▶ _What this task involves_
Hand back every line from the beginning of the data below through the line containing "May include: A", word for word and free of pictures.

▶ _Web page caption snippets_
########################################

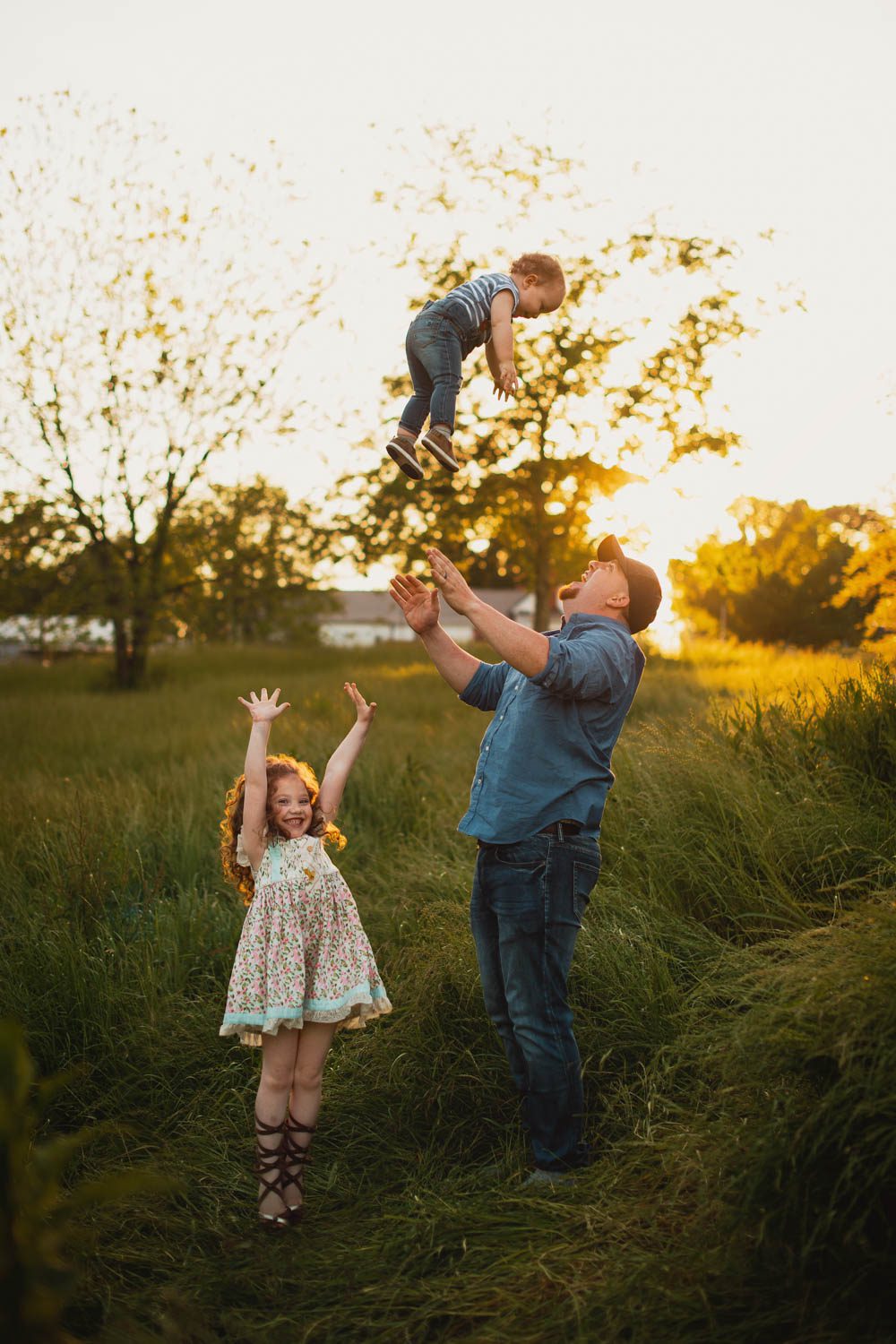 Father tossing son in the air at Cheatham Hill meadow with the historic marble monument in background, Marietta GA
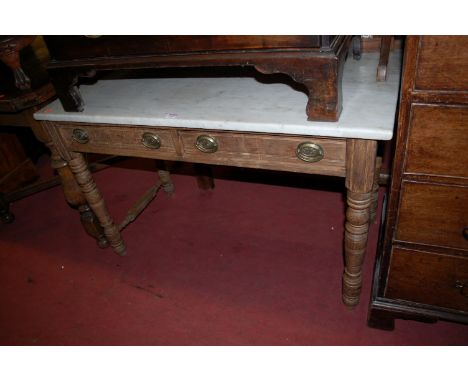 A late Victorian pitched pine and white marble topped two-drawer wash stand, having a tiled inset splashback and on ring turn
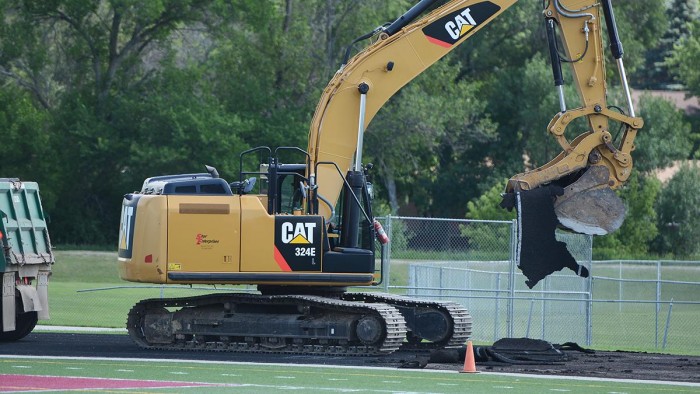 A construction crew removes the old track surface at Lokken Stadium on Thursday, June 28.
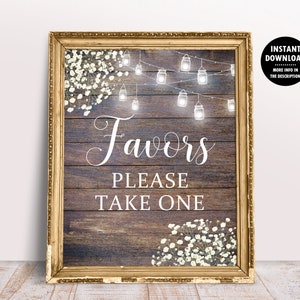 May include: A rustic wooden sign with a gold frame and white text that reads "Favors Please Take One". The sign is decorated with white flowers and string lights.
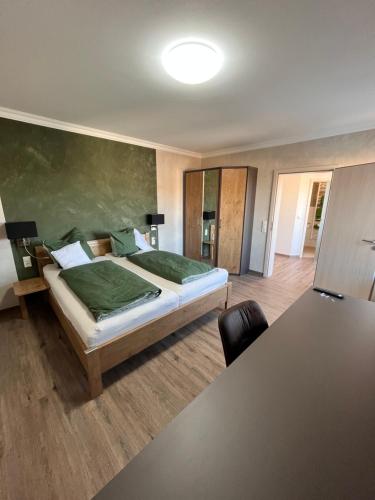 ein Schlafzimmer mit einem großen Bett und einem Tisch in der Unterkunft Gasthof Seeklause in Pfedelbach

########################################

▶ _Answer section_
 Father tossing son in the air at Cheatham Hill meadow with the historic marble monument in background, Marietta GA
 A late Victorian pitched pine and white marble topped two-drawer wash stand, having a tiled inset splashback and on ring turn
 A construction crew removes the old track surface at Lokken Stadium on Thursday, June 28.
 May include: A rustic wooden sign with a gold frame and white text that reads "Favors Please Take One". The sign is decorated with white flowers and string lights.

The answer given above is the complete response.